(Task)
The pictures in the listing below are to be skipped, while the lines between the line holding "Pest Control Roach" and the line holding "Next Forever Comfort", inclusive, are to be output exactly.

(Task inputs)
· · · ·

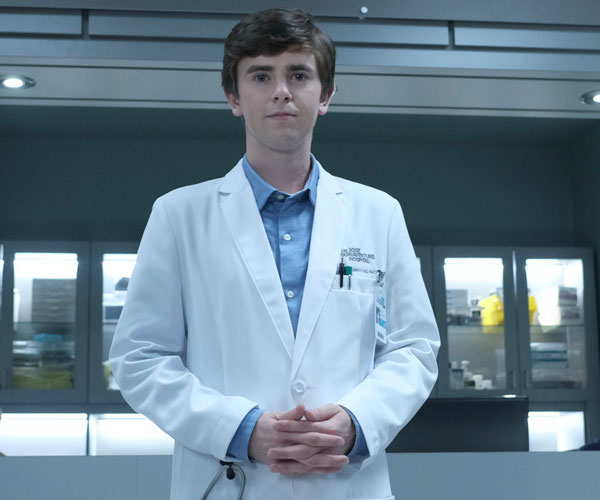 The Good Doctor’s Freddie Highmore adds a personal touch to season two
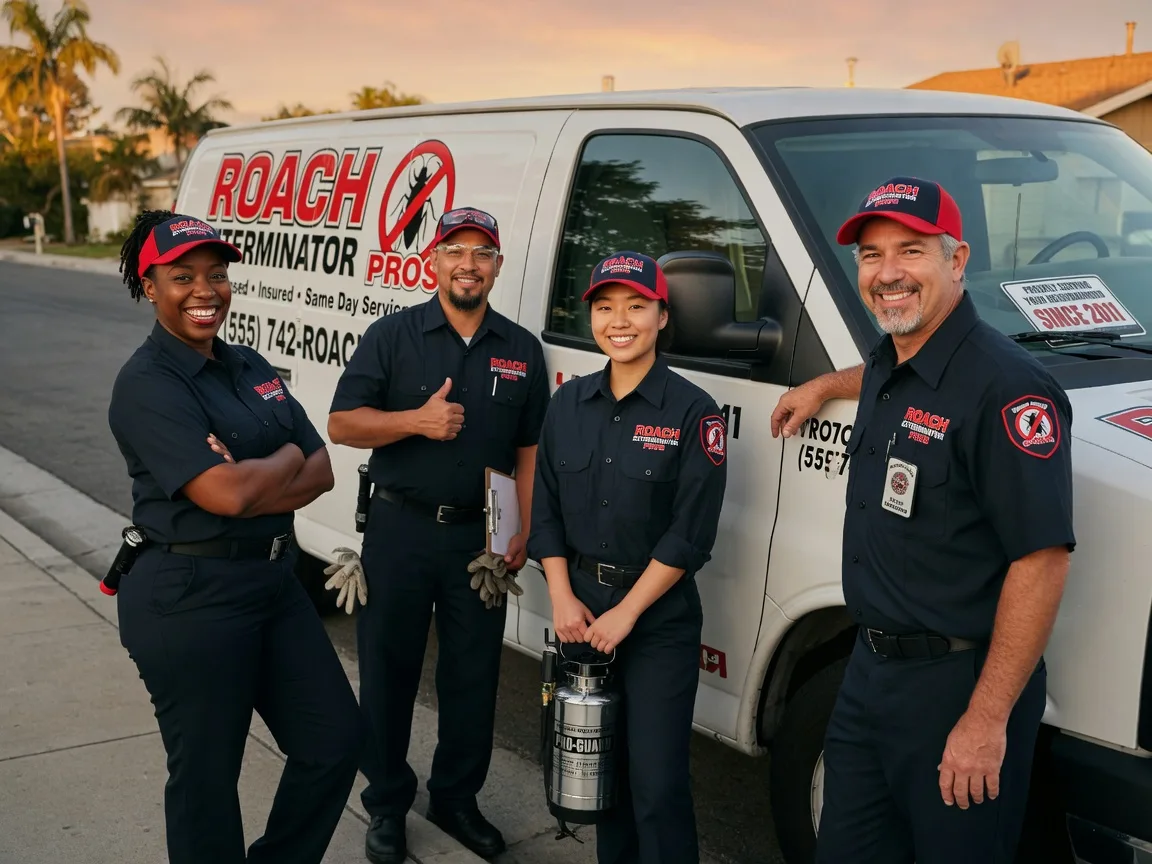 Pest Control Roach Exterminator company in Venice, LA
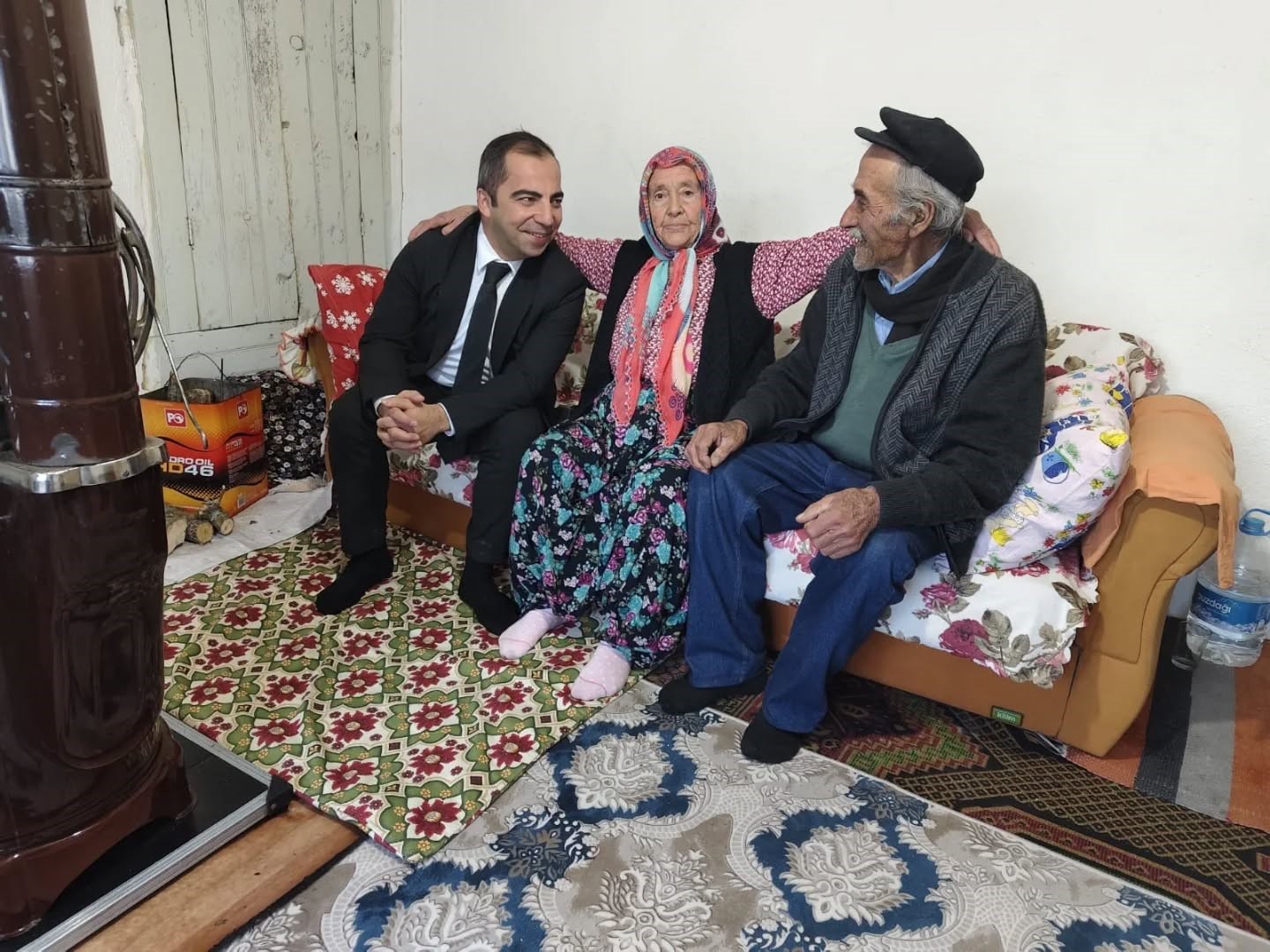 Kaymakam Uçar, Kuşça köyünde vatandaşlarla buluştu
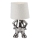Rabalux - Stolna lampa 1xE14/40W/230V sjajni krom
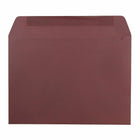 JAM Paper - Enveloppes pour livret - 9" x 12" - Bourgogne - Paquet de 100-Quantité : 100/paquet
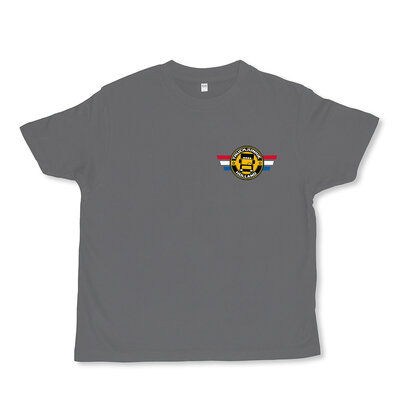 TRUCKJUNKIE DieselPark 2025 Grey KIDS T-SHIRT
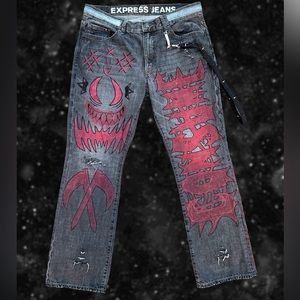 “CONSUME” Bell Bottoms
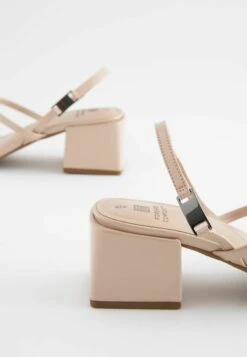 Next Forever Comfort Slingback Hardware Regular Wide Fit - Sandalen - Nude Pink -Mode Kledingwinkel 17581e640c3045cf856a4babd07129b0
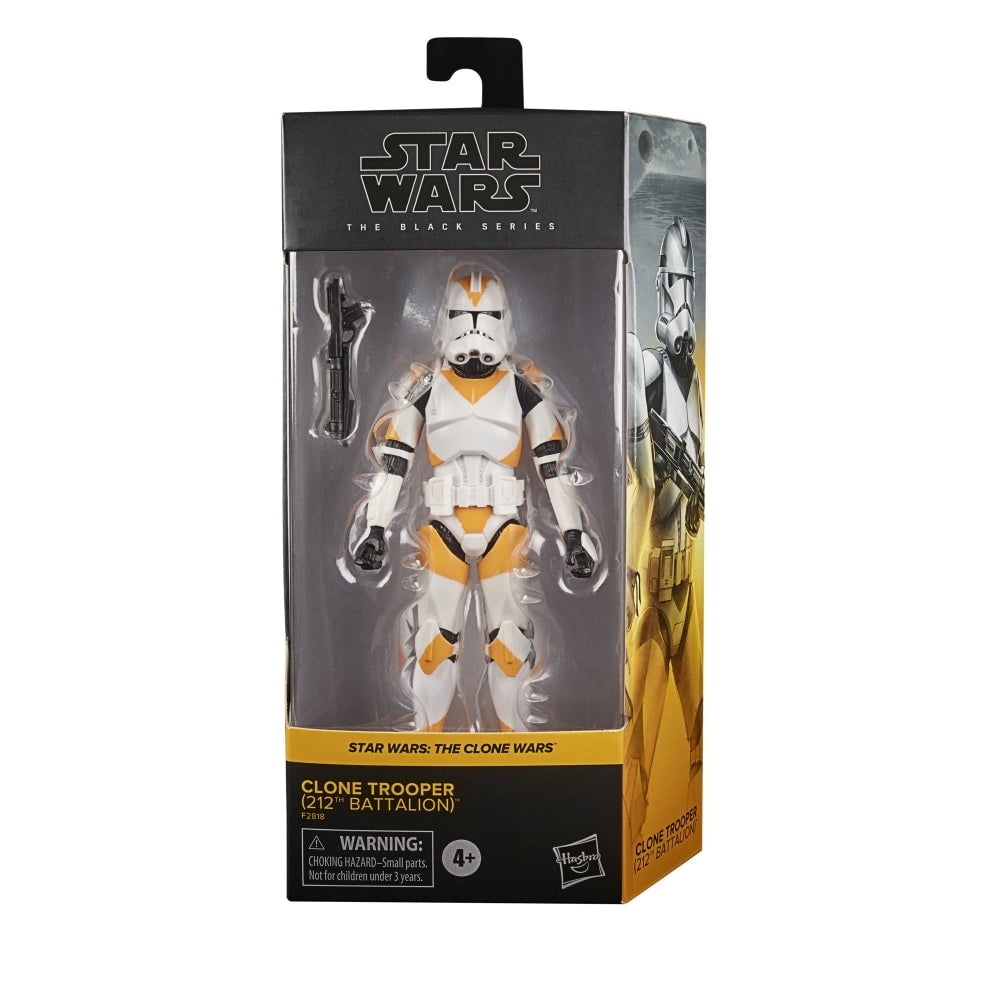 Black Series Star Wars: The Clone Wars - Aurra Sing 6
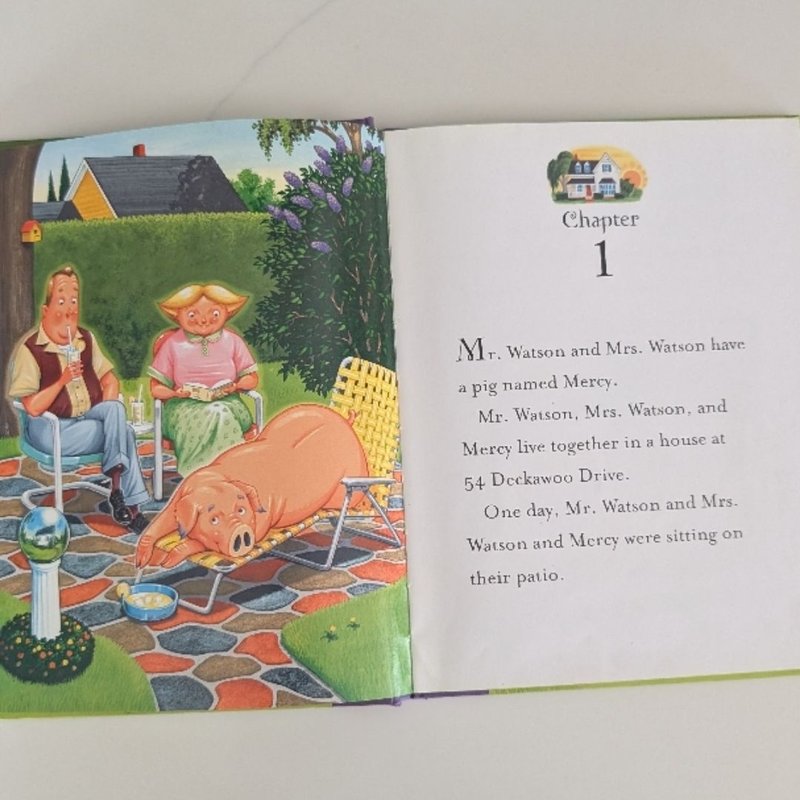 Mercy Watson Thinks Like a Pig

· · · ·

(Output for this task)
 Pest Control Roach Exterminator company in Venice, LA
 Kaymakam Uçar, Kuşça köyünde vatandaşlarla buluştu
Rabalux - Stolna lampa 1xE14/40W/230V sjajni krom
 JAM Paper - Enveloppes pour livret - 9" x 12" - Bourgogne - Paquet de 100-Quantité : 100/paquet
 TRUCKJUNKIE DieselPark 2025 Grey KIDS T-SHIRT
 “CONSUME” Bell Bottoms
 Next Forever Comfort Slingback Hardware Regular Wide Fit - Sandalen - Nude Pink -Mode Kledingwinkel 17581e640c3045cf856a4babd07129b0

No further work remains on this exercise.